- Work task
Gather, from the listing beneath this task, every line holding the string "Blue".

########

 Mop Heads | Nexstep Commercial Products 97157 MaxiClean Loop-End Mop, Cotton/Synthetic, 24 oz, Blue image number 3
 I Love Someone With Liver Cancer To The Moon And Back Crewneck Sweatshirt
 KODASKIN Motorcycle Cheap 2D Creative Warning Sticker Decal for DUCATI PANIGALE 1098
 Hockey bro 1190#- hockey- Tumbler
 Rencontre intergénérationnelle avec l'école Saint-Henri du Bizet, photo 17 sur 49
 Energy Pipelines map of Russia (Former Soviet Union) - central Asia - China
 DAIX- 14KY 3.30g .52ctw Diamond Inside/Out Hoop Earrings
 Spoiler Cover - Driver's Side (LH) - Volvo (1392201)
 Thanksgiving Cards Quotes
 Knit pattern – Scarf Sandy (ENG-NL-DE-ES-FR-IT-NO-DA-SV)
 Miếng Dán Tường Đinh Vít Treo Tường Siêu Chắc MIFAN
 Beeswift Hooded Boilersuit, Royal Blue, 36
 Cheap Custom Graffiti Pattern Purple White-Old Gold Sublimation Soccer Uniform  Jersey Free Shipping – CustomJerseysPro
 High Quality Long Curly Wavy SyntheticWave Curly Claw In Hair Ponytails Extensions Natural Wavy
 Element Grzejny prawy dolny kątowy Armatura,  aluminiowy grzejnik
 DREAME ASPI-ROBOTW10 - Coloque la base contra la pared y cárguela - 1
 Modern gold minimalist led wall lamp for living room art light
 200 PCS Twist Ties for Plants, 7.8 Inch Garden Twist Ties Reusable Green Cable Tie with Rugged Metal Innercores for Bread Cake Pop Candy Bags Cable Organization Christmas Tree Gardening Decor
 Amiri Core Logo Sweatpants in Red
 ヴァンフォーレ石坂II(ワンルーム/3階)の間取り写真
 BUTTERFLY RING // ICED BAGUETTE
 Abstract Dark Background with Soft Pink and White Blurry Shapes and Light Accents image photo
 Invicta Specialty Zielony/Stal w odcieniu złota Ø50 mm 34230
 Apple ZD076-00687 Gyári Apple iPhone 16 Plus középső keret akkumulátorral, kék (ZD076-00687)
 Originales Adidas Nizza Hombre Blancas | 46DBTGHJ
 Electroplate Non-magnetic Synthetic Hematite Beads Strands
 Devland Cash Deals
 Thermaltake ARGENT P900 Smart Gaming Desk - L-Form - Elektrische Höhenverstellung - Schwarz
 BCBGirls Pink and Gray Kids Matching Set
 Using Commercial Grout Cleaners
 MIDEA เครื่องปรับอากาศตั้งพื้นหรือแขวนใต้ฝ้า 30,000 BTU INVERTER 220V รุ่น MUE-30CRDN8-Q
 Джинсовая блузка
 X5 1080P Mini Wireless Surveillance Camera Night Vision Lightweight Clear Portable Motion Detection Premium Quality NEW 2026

########

- Written reply
 Mop Heads | Nexstep Commercial Products 97157 MaxiClean Loop-End Mop, Cotton/Synthetic, 24 oz, Blue image number 3
 Beeswift Hooded Boilersuit, Royal Blue, 36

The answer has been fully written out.